Data entries:
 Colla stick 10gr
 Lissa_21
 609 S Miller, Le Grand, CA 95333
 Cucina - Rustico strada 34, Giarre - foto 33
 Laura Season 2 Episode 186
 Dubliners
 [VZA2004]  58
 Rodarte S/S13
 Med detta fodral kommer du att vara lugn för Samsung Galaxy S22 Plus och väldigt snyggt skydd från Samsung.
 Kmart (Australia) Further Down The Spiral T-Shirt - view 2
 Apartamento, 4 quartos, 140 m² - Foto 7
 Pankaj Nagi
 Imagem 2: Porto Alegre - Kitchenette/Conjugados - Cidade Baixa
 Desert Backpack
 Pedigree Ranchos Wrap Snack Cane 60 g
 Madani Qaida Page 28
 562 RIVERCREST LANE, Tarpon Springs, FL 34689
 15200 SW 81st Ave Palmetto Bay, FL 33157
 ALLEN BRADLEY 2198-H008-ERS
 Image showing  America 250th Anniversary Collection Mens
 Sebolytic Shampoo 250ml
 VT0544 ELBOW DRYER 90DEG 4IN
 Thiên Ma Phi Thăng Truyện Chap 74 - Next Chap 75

■ EXERCISE
Output exactly the lines above, from the one holding "Imagem 2: Porto" through the end of the data, including the first and last.

■ EXERCISE RESPONSE
 Imagem 2: Porto Alegre - Kitchenette/Conjugados - Cidade Baixa
 Desert Backpack
 Pedigree Ranchos Wrap Snack Cane 60 g
 Madani Qaida Page 28
 562 RIVERCREST LANE, Tarpon Springs, FL 34689
 15200 SW 81st Ave Palmetto Bay, FL 33157
 ALLEN BRADLEY 2198-H008-ERS
 Image showing  America 250th Anniversary Collection Mens
 Sebolytic Shampoo 250ml
 VT0544 ELBOW DRYER 90DEG 4IN
 Thiên Ma Phi Thăng Truyện Chap 74 - Next Chap 75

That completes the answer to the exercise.